● Exercise instructions
The records that follow must be repeated exactly, except for their pictures.

● Source material
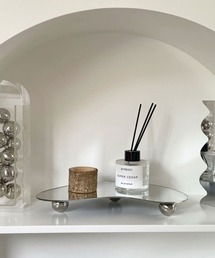 Pimientos（ピミエントス）の「脚つきニュアンスプレート/アクリルトレイ(RZ)（インテリア雑貨）」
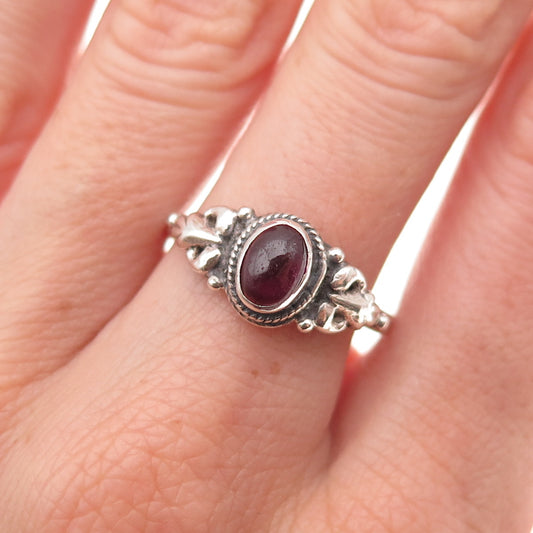 925 Sterling Silver Vintage Real Rhodolite Floral Oxidized Ring Size 9.5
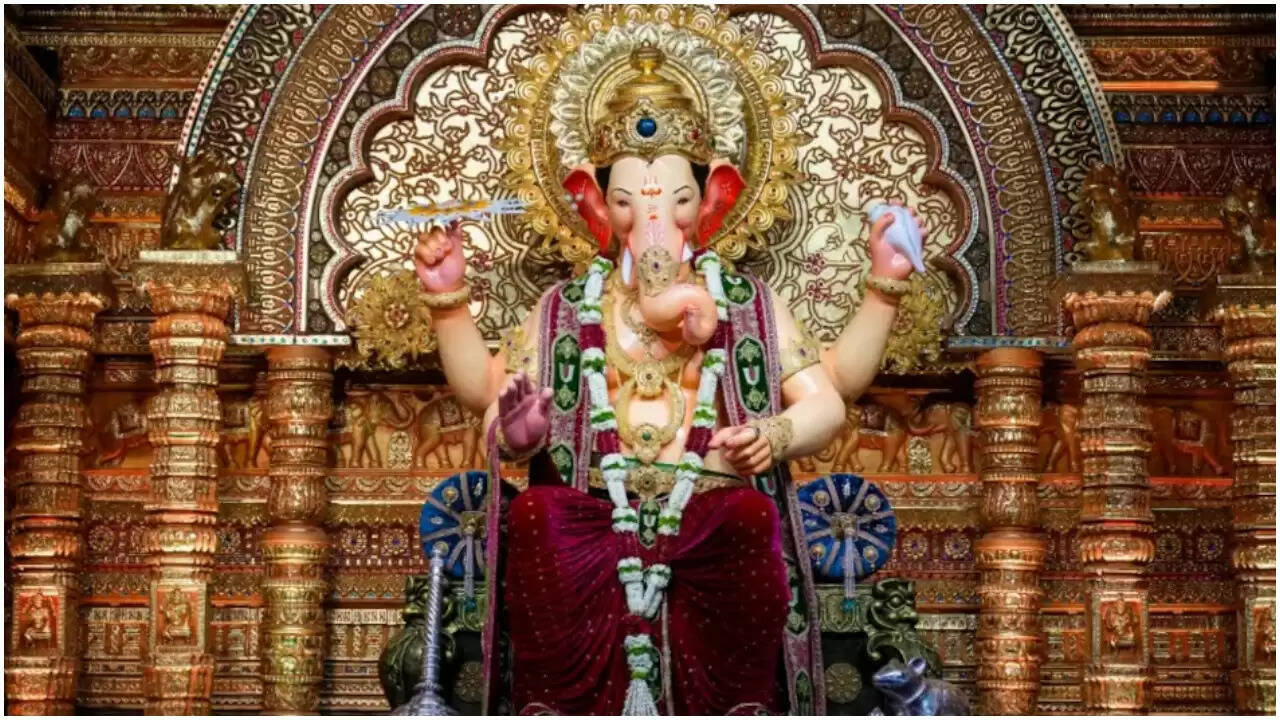 गणेश चतुर्थी 2025: उत्सव की तिथियाँ और पूजा विधि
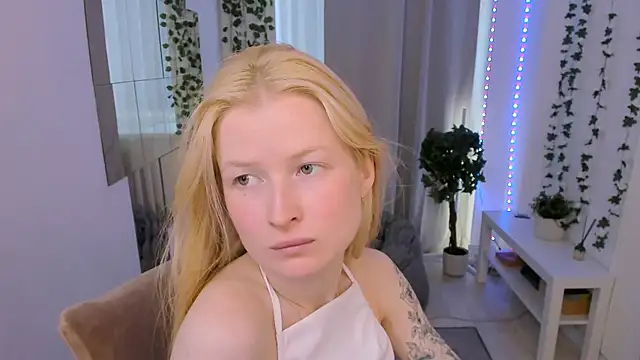 Laly Peach online show from July 29, 2026, 9:30 am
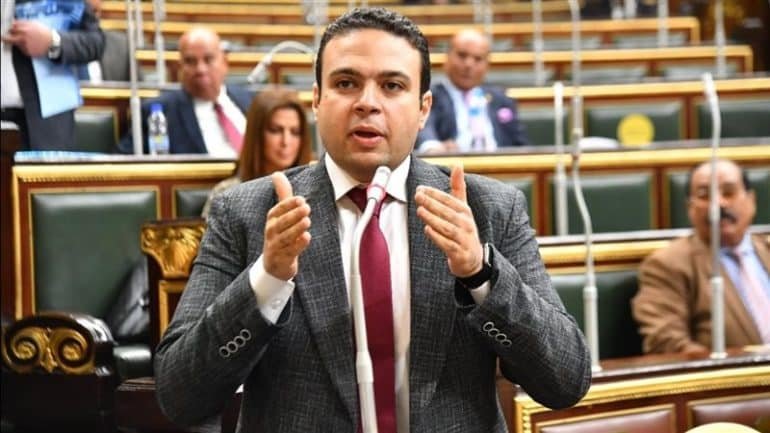 بعد ساعات من سؤال عبد المنعم إمام.. التعليم تكلف لجنة لإدارة مدارس النيل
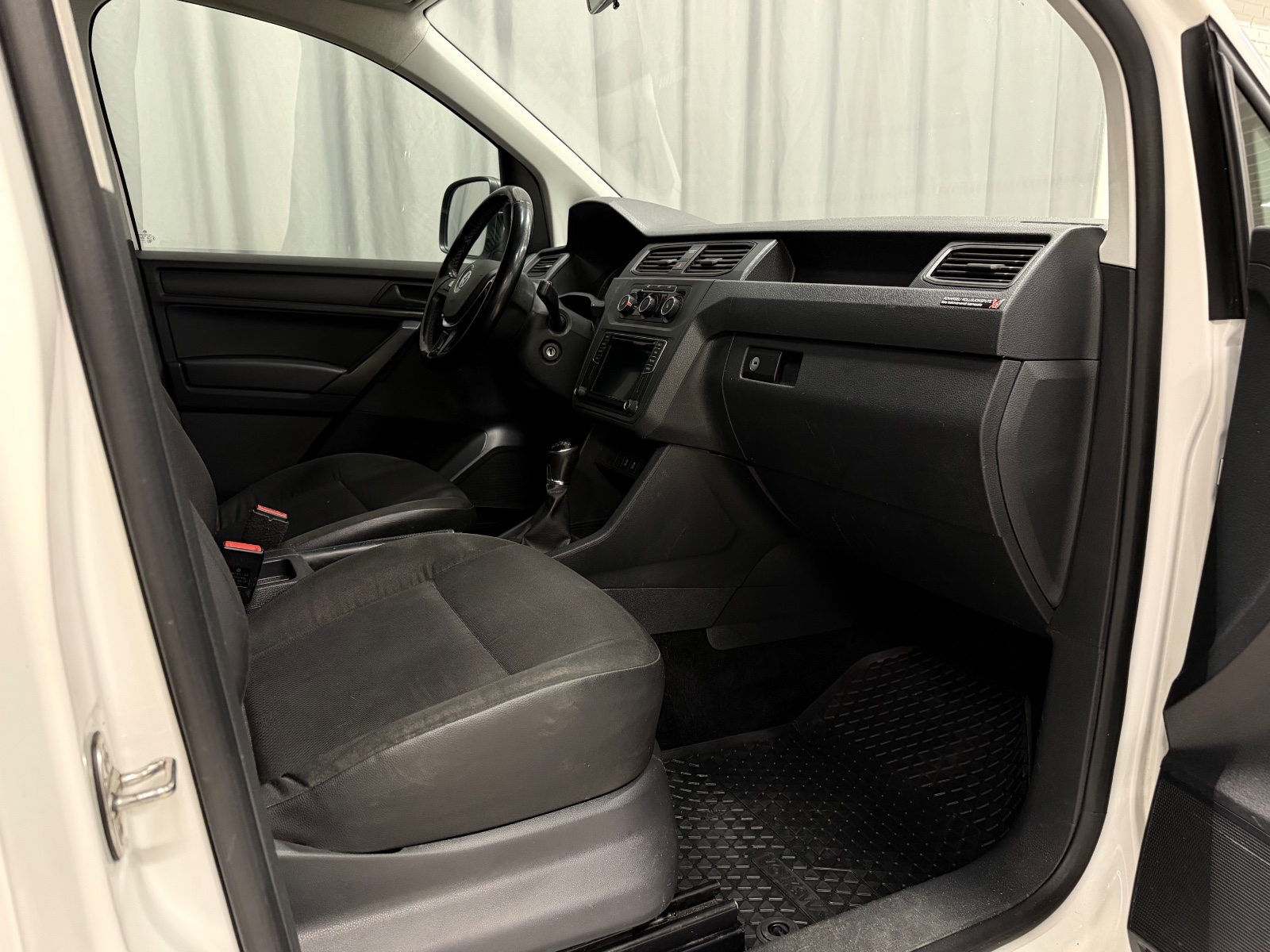 Volkswagen 2.0 TDI 122HK 4MOTION MANUELL/H.FESTE/CC/NAVI/EU 2017 9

● Answer area
 Pimientos（ピミエントス）の「脚つきニュアンスプレート/アクリルトレイ(RZ)（インテリア雑貨）」
 925 Sterling Silver Vintage Real Rhodolite Floral Oxidized Ring Size 9.5
 गणेश चतुर्थी 2025: उत्सव की तिथियाँ और पूजा विधि
 Laly Peach online show from July 29, 2026, 9:30 am
 بعد ساعات من سؤال عبد المنعم إمام.. التعليم تكلف لجنة لإدارة مدارس النيل
 Volkswagen 2.0 TDI 122HK 4MOTION MANUELL/H.FESTE/CC/NAVI/EU 2017 9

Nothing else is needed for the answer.